A variety of drugs impair renal free water excretion by potentiating the action or release of AVP and may result in drug-induced euvolemic hyponatremia. Table 3.2 provides a partial list of drugs that induce euvolemic hyponatremia. This is most commonly caused by the SSRI (selective serotonin reuptake inhibitor) group of antidepressants. Although hyponatremia can present more than 3 months after the start of an SSRI, it generally occurs in the first 2 weeks of therapy and the elderly are at increased risk. SSRIs stimulate water reabsorption in the collecting duct via a non-antidiuretic hormone (ADH)-mediated modulation of aquaporin 2. High dose (>50 mg/kg) cyclophosphamide was at one time a common cause of drug-induced euvolemic hyponatremia. Current low-dose regimens (<20 mg/kg) rarely result in hyponatremia. This is likely the result of the metabolites mafosfamide and 4-hydroperoxy-cyclophosphamide that increase interleukin (IL)-1 and tumor necrosis factor (TNF)-α that downregulate the V2 receptor and aquaporin 2. Drug-induced hyponatremia can also occur after desmopressin administration for the treatment of enuresis. The elderly with mild hyponatremia or those taking other drugs that may impair renal water excretion are at increased risk of severe hyponatremia. As a result, several European countries have removed the enuresis indication for intranasal desmopressin.

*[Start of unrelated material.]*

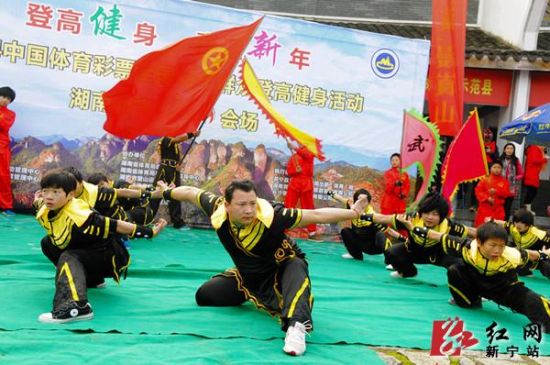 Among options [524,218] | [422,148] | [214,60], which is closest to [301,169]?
[422,148]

TABLE 3-2. Drug-Induced Euvolemic Hyponatremia
In hypothyroidism the ability of the kidney to excrete free water is impaired by a decrease in GFR, an increase in proximal tubular reabsorption, and an increase in AVP secretion. In secondary adrenal insufficiency hyponatremia results because glucocorticoids are required to maximally suppress AVP release.
Psychogenic polydipsia or water intoxication is the result of excess water intake with normal renal capacity for free water excretion. It is differentiated from SIADH in that the Uosm is maximally or near maximally dilute. This commonly occurs in patients with psychiatric disease on psychotropic medications that result in dry mouth and increased water intake. Schizophrenia is associated with psychogenic polydipsia more than twice as often as non-schizophrenic psychiatric illnesses. Hyponatremia with a low Uosm is also seen in those with beer drinker’s potomania whose renal free water excretion is limited by solute intake.